The author performs her share of heroic deeds as well: advocating for a patient whose intestines lie outside of his body, for an armless landmine victim needing a cornea transplant, for a mother of an ailing newborn and for penniless prisoners with no hope of release. Person by person and against great odds, she tries to provide some relief to their suffering—and each person transforms her.

Despite many difficulties and failures, Wicki develops profound friendships with the community, especially with Phra Dala Non and Phra Damma, two monks who take great risks as translators and guardians of their community. The depth of their friendship is constantly challenged by cultural barriers, poverty and immense military oppression; yet their understanding of one another flourishes across cultural boundaries.

It is in these moments of friendship and trial that the reader feels the emotions of the people who appear in this inspiring book. The quiet desperation of the proud monks and their trusting patience with a Westerner testify to the beauty of human endurance. Wicki’s awkward questions and impulsive race to accomplish create a sense of ambivalence and bewilderment. The frustration and futility are palpable. Just as readers will sometimes gasp at the human atrocities recounted in Singing to the Dead, so there are the genuinely powerful times when we are moved by the caring sensitivity that one human shows to another.
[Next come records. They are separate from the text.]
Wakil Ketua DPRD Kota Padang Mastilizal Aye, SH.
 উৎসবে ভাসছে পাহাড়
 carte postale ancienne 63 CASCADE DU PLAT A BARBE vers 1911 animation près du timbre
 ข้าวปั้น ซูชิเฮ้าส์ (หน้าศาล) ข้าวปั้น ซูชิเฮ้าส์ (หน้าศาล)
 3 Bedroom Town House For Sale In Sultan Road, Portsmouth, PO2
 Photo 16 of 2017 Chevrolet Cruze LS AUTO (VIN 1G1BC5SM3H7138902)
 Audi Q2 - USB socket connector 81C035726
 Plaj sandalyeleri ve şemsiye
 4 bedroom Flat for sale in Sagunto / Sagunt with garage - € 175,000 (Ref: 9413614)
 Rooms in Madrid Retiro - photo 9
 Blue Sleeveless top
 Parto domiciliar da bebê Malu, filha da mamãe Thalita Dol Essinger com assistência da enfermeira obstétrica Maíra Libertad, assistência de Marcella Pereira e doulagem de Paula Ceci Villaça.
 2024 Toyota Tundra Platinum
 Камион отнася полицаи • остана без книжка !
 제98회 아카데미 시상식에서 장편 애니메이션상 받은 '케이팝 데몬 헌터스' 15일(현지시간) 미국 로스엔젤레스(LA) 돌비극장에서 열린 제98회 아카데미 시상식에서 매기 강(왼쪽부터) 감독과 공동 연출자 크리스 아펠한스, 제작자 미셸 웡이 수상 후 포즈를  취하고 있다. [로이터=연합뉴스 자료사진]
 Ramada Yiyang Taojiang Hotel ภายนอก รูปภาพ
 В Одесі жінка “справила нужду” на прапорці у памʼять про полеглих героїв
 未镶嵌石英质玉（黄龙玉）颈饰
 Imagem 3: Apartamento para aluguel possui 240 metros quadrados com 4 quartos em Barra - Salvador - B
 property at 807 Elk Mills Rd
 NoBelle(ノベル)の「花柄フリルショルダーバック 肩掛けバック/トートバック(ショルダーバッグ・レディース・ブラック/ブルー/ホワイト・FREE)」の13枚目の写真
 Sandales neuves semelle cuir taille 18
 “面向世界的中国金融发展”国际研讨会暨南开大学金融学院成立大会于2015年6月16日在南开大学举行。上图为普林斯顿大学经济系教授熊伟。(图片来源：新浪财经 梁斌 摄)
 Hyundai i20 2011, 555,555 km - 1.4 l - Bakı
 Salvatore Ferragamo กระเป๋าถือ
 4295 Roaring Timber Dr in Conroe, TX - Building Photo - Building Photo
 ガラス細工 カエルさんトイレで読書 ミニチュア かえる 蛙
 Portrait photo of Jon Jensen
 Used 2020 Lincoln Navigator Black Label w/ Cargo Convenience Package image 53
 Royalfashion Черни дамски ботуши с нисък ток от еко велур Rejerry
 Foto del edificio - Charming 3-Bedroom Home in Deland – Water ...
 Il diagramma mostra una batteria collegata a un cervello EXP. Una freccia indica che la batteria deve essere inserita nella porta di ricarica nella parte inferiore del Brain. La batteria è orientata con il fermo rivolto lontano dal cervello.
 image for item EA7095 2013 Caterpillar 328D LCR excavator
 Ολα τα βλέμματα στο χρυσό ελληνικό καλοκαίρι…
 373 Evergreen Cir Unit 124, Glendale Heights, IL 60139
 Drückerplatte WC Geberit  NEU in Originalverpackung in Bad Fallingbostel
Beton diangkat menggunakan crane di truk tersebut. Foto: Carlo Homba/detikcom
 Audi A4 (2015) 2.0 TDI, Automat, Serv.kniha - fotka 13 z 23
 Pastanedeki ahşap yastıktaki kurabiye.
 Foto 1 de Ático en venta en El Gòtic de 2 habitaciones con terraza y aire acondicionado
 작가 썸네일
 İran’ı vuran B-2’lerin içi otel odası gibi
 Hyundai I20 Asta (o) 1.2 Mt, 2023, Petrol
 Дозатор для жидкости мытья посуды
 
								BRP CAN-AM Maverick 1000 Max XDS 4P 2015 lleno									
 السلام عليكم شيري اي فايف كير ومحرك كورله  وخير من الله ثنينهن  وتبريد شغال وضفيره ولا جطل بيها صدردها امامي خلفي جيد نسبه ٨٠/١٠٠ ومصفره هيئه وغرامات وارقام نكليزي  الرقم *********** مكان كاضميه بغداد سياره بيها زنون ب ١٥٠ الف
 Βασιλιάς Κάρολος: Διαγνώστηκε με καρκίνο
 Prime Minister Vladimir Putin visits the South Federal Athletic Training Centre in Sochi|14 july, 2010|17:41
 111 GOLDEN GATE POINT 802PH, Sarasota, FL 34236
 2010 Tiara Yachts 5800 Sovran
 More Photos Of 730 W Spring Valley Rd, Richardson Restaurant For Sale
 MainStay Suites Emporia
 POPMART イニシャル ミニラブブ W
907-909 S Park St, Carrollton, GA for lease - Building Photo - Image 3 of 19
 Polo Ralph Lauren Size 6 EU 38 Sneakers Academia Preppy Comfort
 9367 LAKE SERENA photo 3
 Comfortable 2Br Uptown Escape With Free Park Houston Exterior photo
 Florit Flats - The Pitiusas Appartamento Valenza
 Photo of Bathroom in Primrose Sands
It is a book that captures complex emotions, prompting us to reflect seriously upon the world in which we live and consider the ways in which we contribute to its injustices and suffering.

Through her skillful storytelling, Armour-Hileman raises thought-provoking questions about human motives, pain and suffering, the work of global justice and peace and divine inaction in our world. As the reader grapples with these concerns, the author does not interfere by passing on her image and notion of God. Rather, we are left with our own powerful impressions and stories, each to interpret in his or her own context.

Singing to the Dead puts a face on a terrible tragedy half a world away, and its message is compelling. Armour-Hileman’s vivid, eye-opening account, though written with humor and compassion, is a story that demands a personal response from each of us. It asks us to become more intimately connected to our world, and it awaits our answer: will we shrink from or nourish the desire that we have come so far to find?